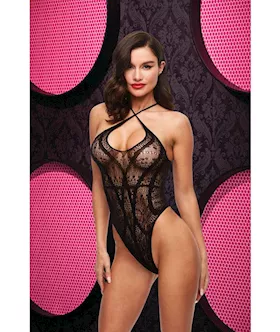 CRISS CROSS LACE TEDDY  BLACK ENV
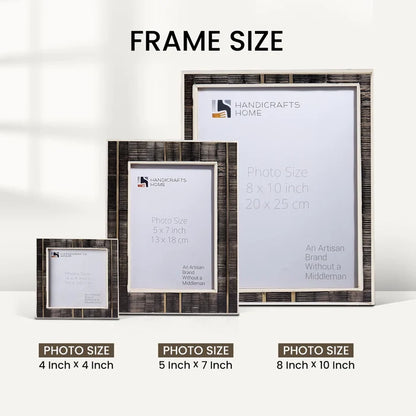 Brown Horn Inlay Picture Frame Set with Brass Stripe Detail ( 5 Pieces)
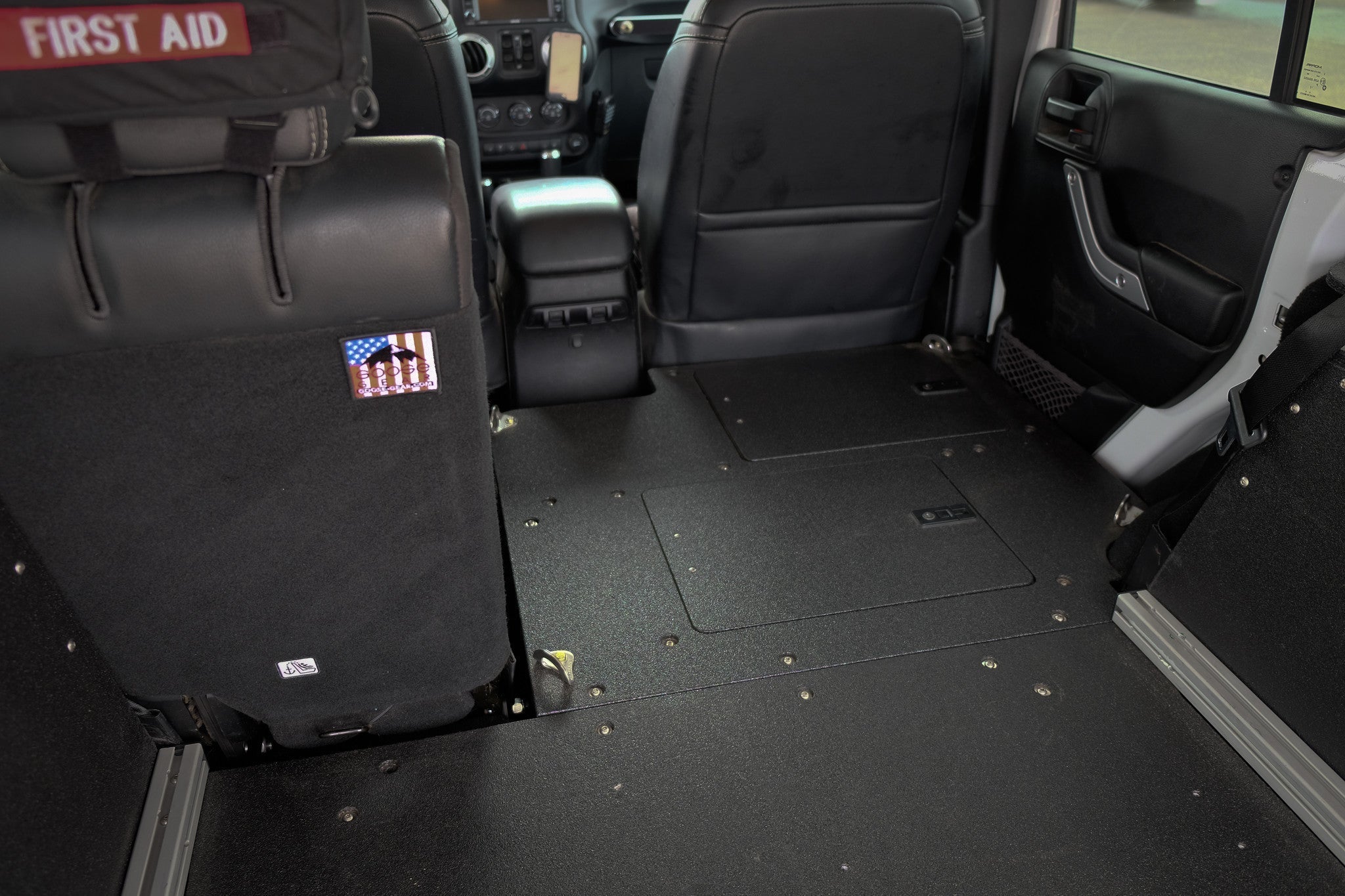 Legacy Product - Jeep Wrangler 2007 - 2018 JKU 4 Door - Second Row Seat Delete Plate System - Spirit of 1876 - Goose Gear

----

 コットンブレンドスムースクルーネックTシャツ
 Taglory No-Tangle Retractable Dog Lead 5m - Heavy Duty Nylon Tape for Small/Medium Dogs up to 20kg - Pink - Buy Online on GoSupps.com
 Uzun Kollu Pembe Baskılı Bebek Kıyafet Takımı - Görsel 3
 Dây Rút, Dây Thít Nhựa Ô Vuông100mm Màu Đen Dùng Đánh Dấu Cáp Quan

----

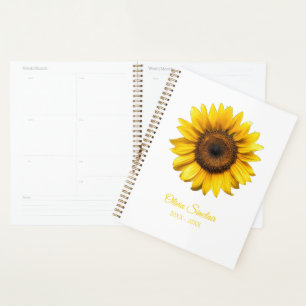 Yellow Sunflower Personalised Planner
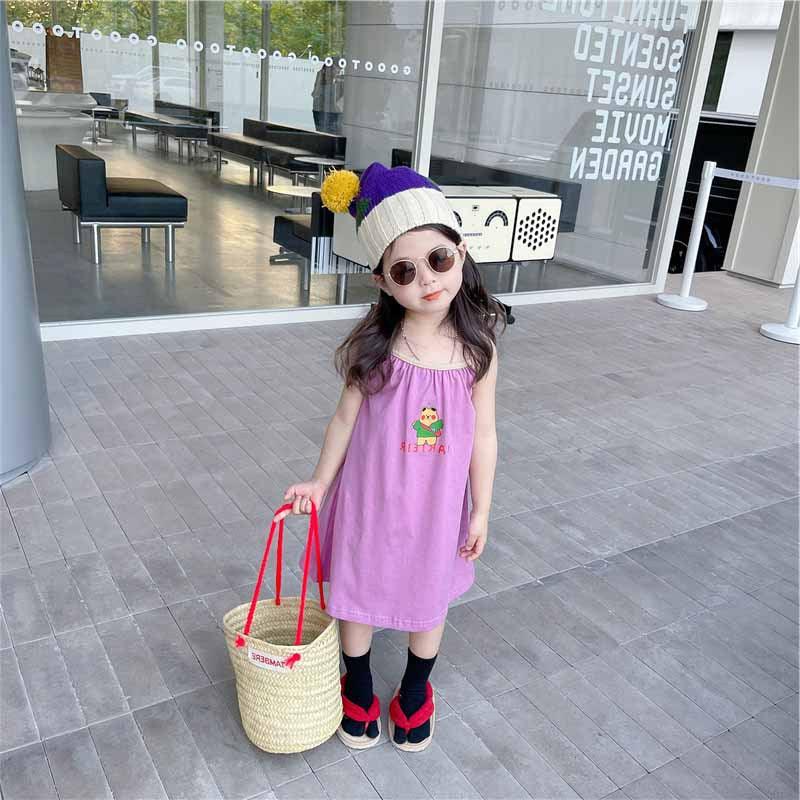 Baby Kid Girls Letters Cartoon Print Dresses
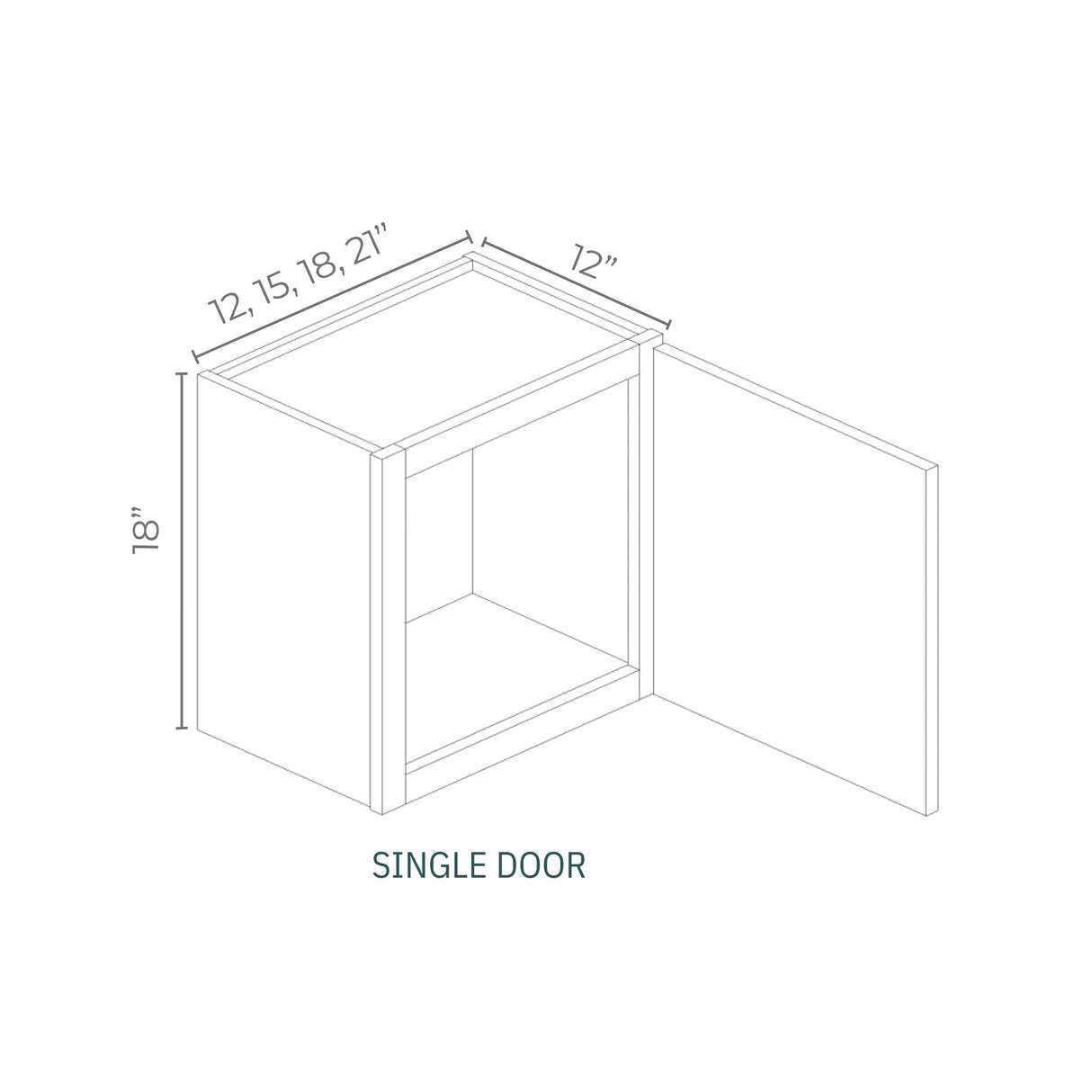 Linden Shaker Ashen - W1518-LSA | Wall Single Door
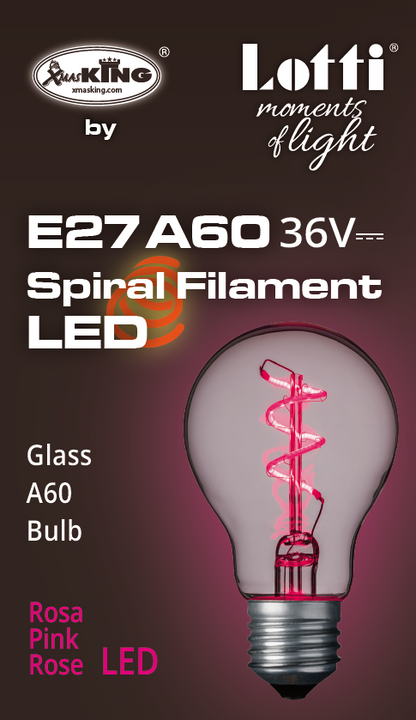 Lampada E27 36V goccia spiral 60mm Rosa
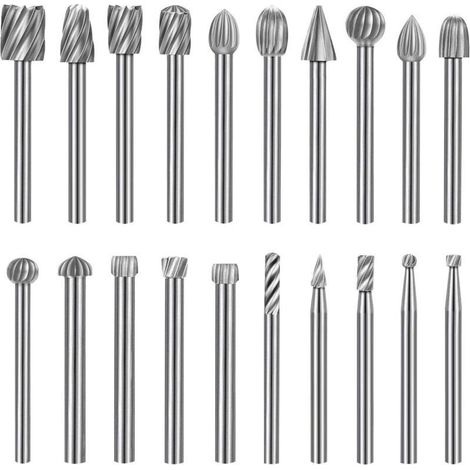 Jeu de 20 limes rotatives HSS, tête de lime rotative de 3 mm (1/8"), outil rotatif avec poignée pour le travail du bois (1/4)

----

→ What the exercise asks: Of the lines above, quote exactly those from the one with "Linden Shaker Ashen" through the one with "Jeu de 20 limes", ends included; pictures stay out.

→ Expected output:
 Linden Shaker Ashen - W1518-LSA | Wall Single Door
 Lampada E27 36V goccia spiral 60mm Rosa
 Jeu de 20 limes rotatives HSS, tête de lime rotative de 3 mm (1/8"), outil rotatif avec poignée pour le travail du bois (1/4)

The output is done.